Recovery hopes for bank's $8b British property assets
After British banks RBS and Lloyds recently revealed declines in their bad commercial property loans, some analysts are eyeing a recovery in NAB's £5 billion ($8.31 billion) portfolio of British assets - which have been a drag on profits for years.
It comes amid tentative signs the British economy is recovering, with recent figures showing falling rates of unemployment and rising commercial property prices. But the prospects of a dramatic improvement in the short term appear slim, with NAB chief executive Cameron Clyne recently saying economic conditions in Britain remained "challenging" for banks, despite the downturn appearing to have reached a trough.
Like many of its peers, NAB's British arm sought to quarantine itself from bad loans made before the global financial crisis by hiving them off into a "non-core" loan book.
In a note to investors last week, Deutsche Bank analyst James Freeman highlighted that RBS's non-performing loans in its "bad" loan book had fallen by £1.3 billion to £6.9 billion during the first quarter of this year.
Lloyds had also said bad debts in its non-core bank were improving, he noted, suggesting the rate of deterioration in non-performing loans had probably peaked earlier this year.
Citing these trends, and the fact that NAB had been more conservative in its provisioning for bad loans, Mr Freeman said he expected the bank to reveal a "meaningful" reduction in bad debt charges in Britain in the 2014 financial year, which begins in September.

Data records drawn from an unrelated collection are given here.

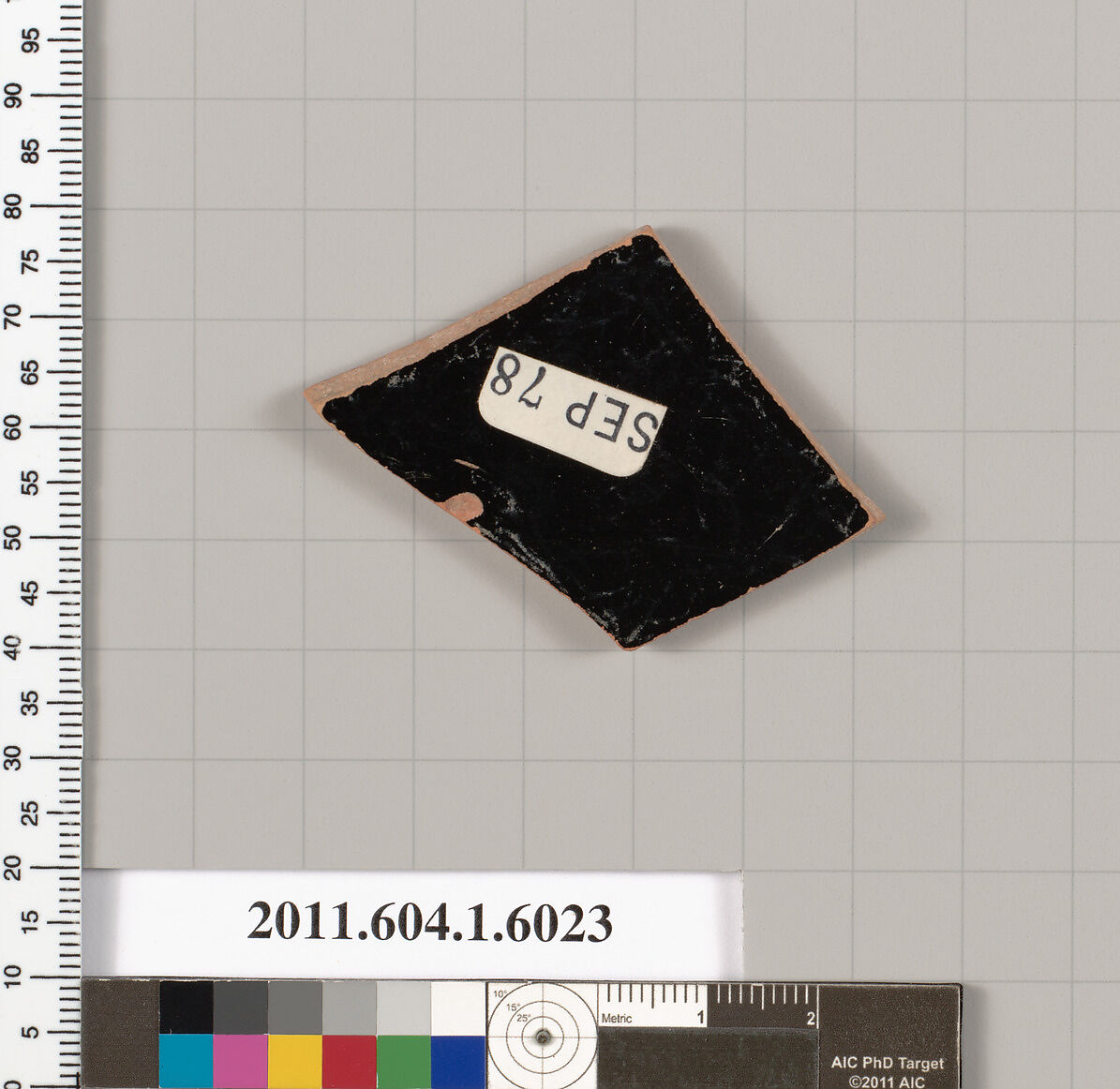 Terracotta fragment of a kylix (drinking cup), Terracotta, Greek, Attic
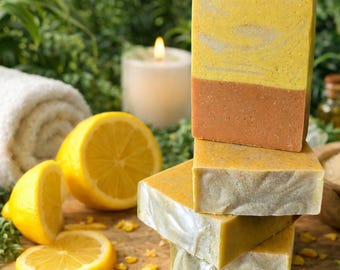 Handmade Lemon Bar Soap: Shea Butter & Coconut Milk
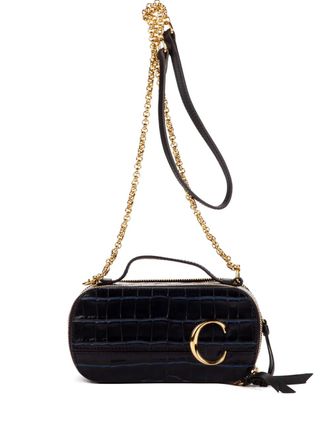 Chlo&eacute; Eyewear embossed-leather chain bag - Blue
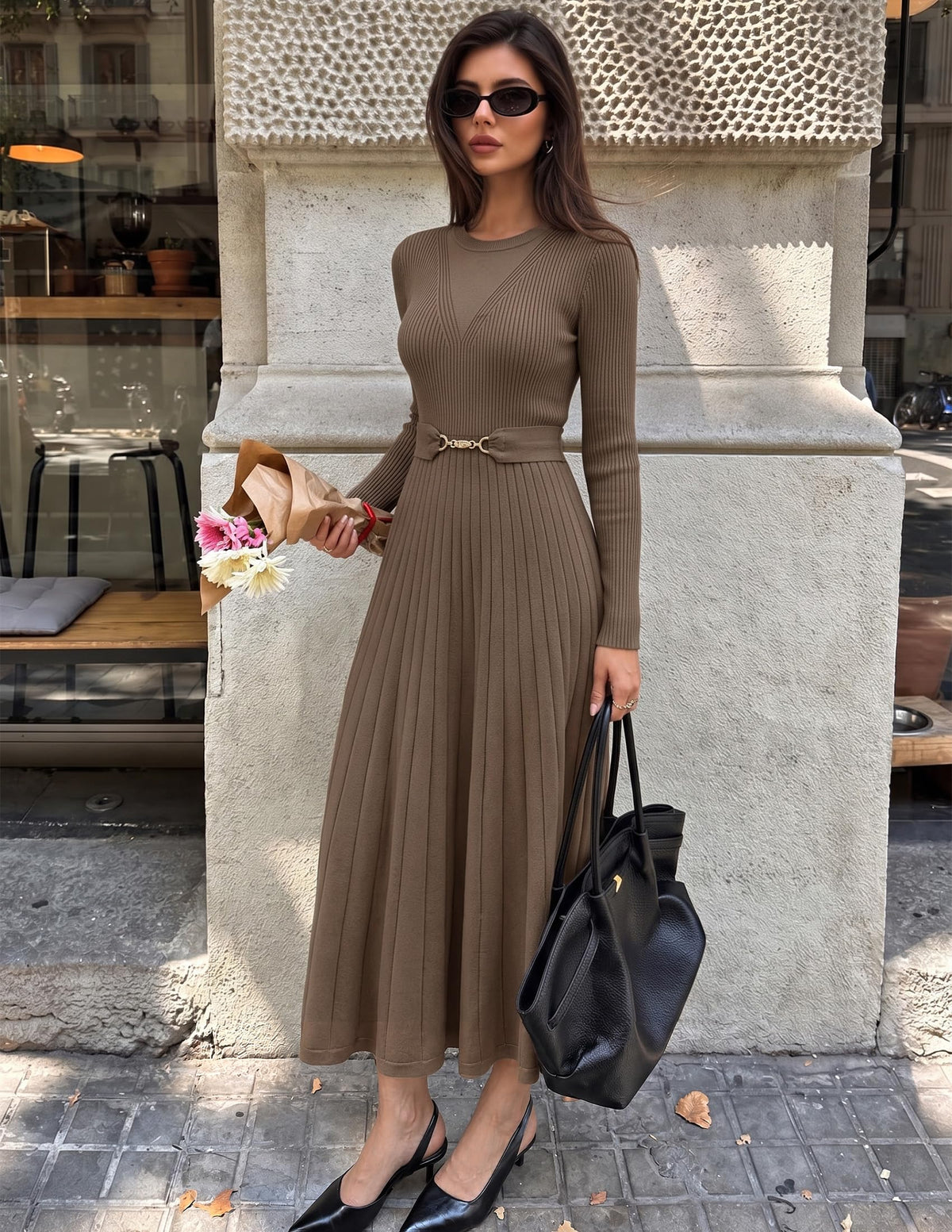 ZESICA Womens Fall Long Sleeve Pleated Midi Sweater Dresses Brown S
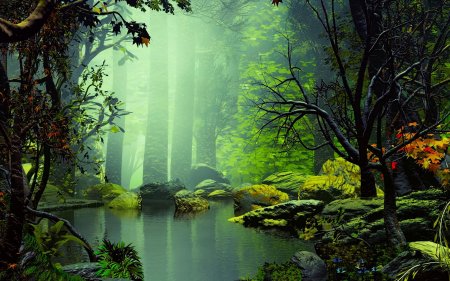 Сказочное озеро в лесу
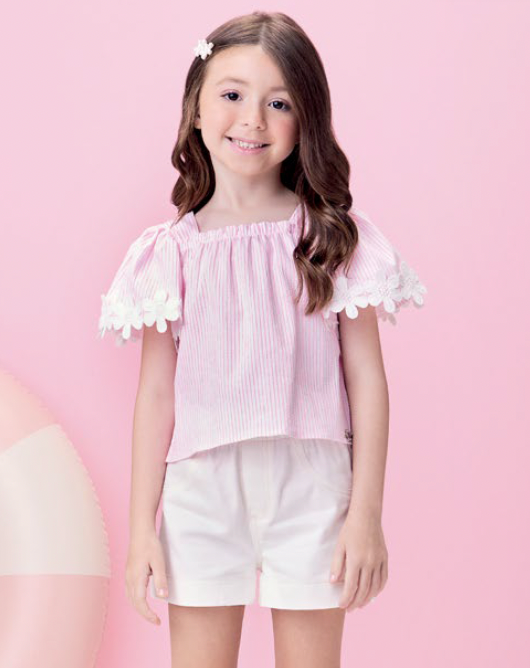 Conjunto Infantil Blusa Anarruga Bordado Flores e Shorts Off - Momi PRÉ-VENDA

Against the signs of improvement, however, Mr Clyne last month said conditions in Britain remained difficult, as lenders grappled with weak growth and changing regulations.
"It seems to be bumping along the bottom, which was reflected in the first half in that things didn't get any worse," Mr Clyne said in a briefing with journalists.
"But again it's the slowest recovery now since the Great Depression, so it is quite a marked sort of slowdown."
Some experts also remain sceptical about the prospects of an improvement in NAB's British business any time soon.
JP Morgan analyst Scott Manning said that despite progress being made at an aggregate level in Britain, NAB's lending was often concentrated in locations and industries, such as retail, that missed out on the bounce.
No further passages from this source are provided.